Practice with mock tests, learn from structured notes, and get your questions answered by a global forensic community, all in one place.
A technical walkthrough of how deepfakes are made, covering GAN-based face swapping, diffusion model synthesis, neural talking heads, and voice cloning, and why understanding these generation artefacts is the first step in detecting them.
Last updated:
In 2017 a Reddit user called "deepfakes" began posting face-swapped videos created with open-source machine learning tools. Within two years the techniques had spread to consumer-grade laptops, professional-quality toolkits, and eventually browser extensions. Today the term deepfake covers at least four distinct families of technology: GAN-based face swapping, encoder-decoder face replacement, diffusion model image synthesis, and neural voice cloning. They share one property relevant to forensic work: every method leaves traces of how it was made.
Understanding how deepfakes are generated is not a side note for forensic scientists. It is the prerequisite for detection. A detector that does not know what kind of artefact it is looking for will perform unreliably, particularly against generators it has never seen. The checkerboard patterns that betray one GAN architecture do not appear in a diffusion model's output. The blending seam typical of a face-swap pipeline does not exist in a fully synthetic image. Each generation method leaves its own signature, and a forensic analyst needs to know which signatures to look for.
This topic walks through the main generation pipelines in enough technical depth to ground detection work. It covers the adversarial training dynamic that defines GANs, the encoder-decoder architecture behind tools like DeepFaceLab, the neural-rendering and NeRF-based talking-head systems used in political disinformation, diffusion model synthesis and its latent-space properties, and voice cloning via text-to-speech and voice conversion. Each section ends with the forensic relevance of the artefacts that method introduces.
Two networks, competing until neither can win cleanly.
Ian Goodfellow and colleagues introduced the Generative Adversarial Network framework in 2014. The essential insight is that you can teach a network to generate realistic images by pairing it with a second network whose only job is to tell real from fake. The generator tries to fool the discriminator; the discriminator tries to catch the generator. Each one drives the other to improve. At convergence, the generator has learned to sample from a distribution that closely resembles the training data.
For face generation specifically, architectures such as StyleGAN2 (Karras et al., 2020) and ProGAN extended the basic framework with progressive training, style-based control of facial features, and attention mechanisms. These models can produce 1024x1024 portraits that are almost indistinguishable from photographs to an untrained observer. Forensically, they leave characteristic artefacts in the high-frequency spectrum: a checkerboard pattern introduced by transposed convolutions in the upsampling layers, and a statistical distribution of pixel intensity that differs from the noise structure of a real camera sensor.
The original deepfake: one person's face, another person's movements.
The original "deepfakes" method, later formalised in tools such as DeepFaceLab and FaceSwap, uses a shared encoder with two identity-specific decoders.
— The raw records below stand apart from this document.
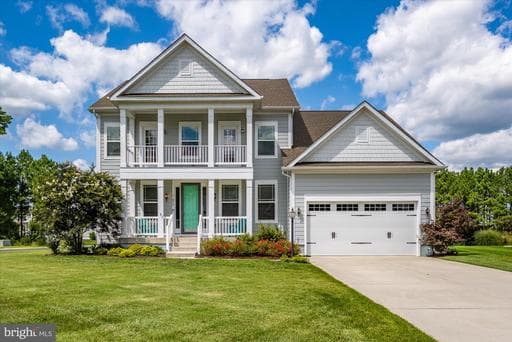 11875 MAN O WAR LN, BERLIN, MD, 21811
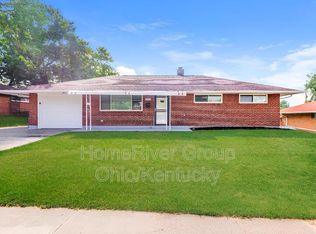 5470 Barnard Dr, Dayton, OH 45424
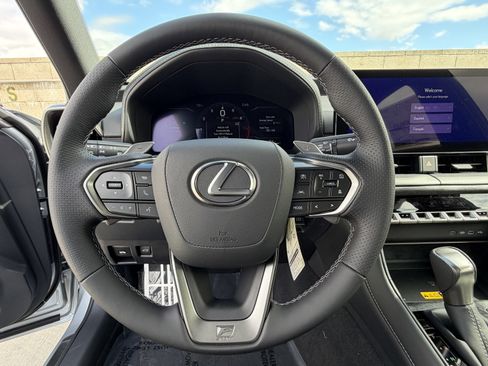 New 2026 Lexus IS 350 F Sport image 19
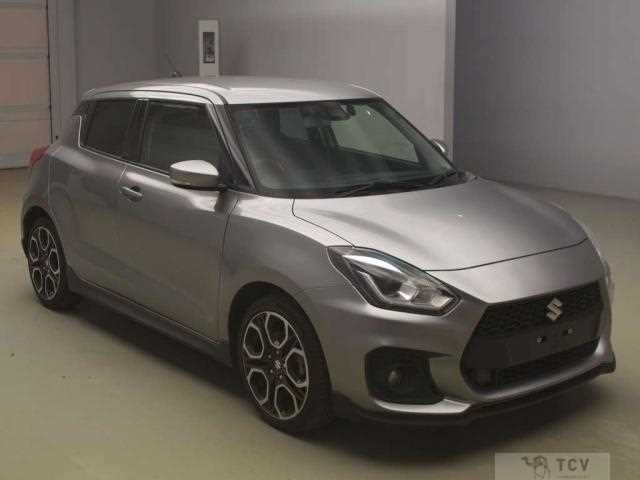 2023 Suzuki Swift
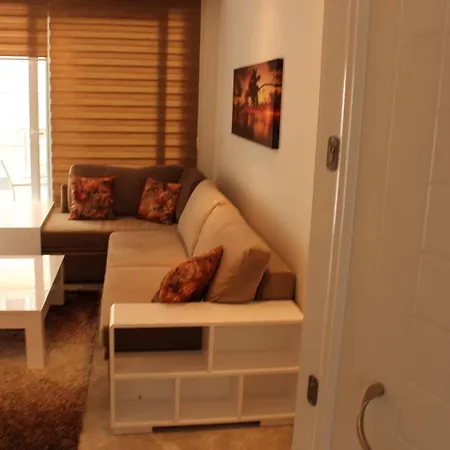 Apartment Oba Alanya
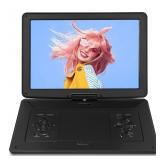 OFFSITE  17 9  Portable DVD Players with Large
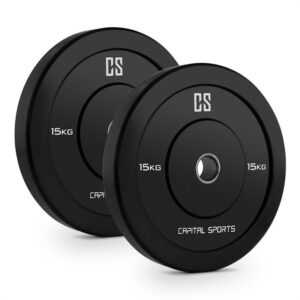 Capital Sports Bumpei 15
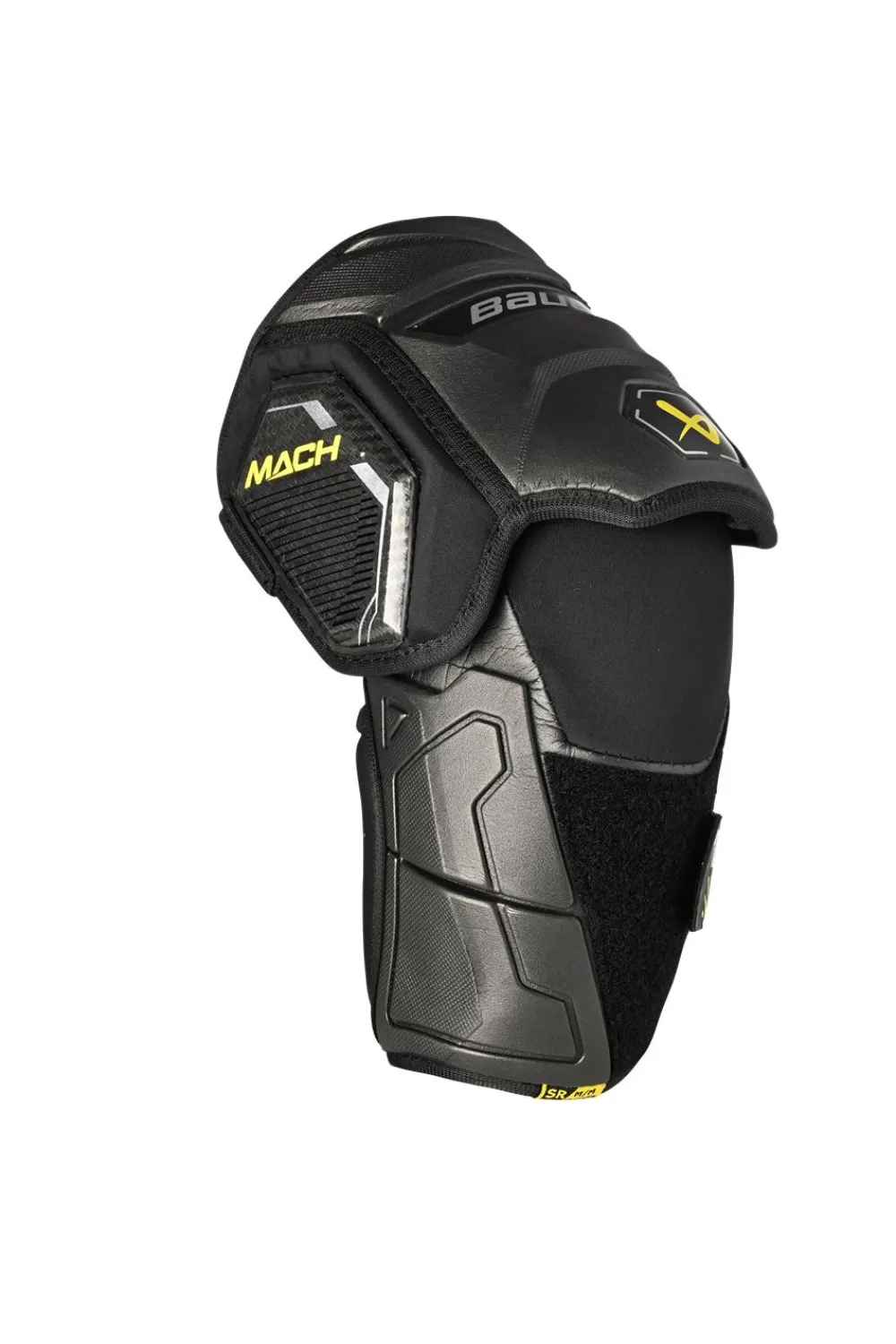 Allt Inom Hockey|Hockeyspelare | Bauer Supree ach Arbågsskydd Senior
Both decoders are trained to reconstruct their respective target's face from a shared compressed representation of facial geometry and expression. At inference time you substitute: take a video of person A, encode each frame, decode it with B's decoder, and blend the result back into the original. Person A's head movements and expressions now appear on person B's face.
Forensically, face-swap videos carry a split provenance. The background, lighting, camera motion blur, and compression artefacts all derive from the original source video. Only the face region is synthesised. This creates detectable inconsistencies: the face region may have different noise characteristics, different JPEG block patterns, or response properties inconsistent with the illumination of the surrounding scene. These are the signals that spatial and compression-domain detectors exploit.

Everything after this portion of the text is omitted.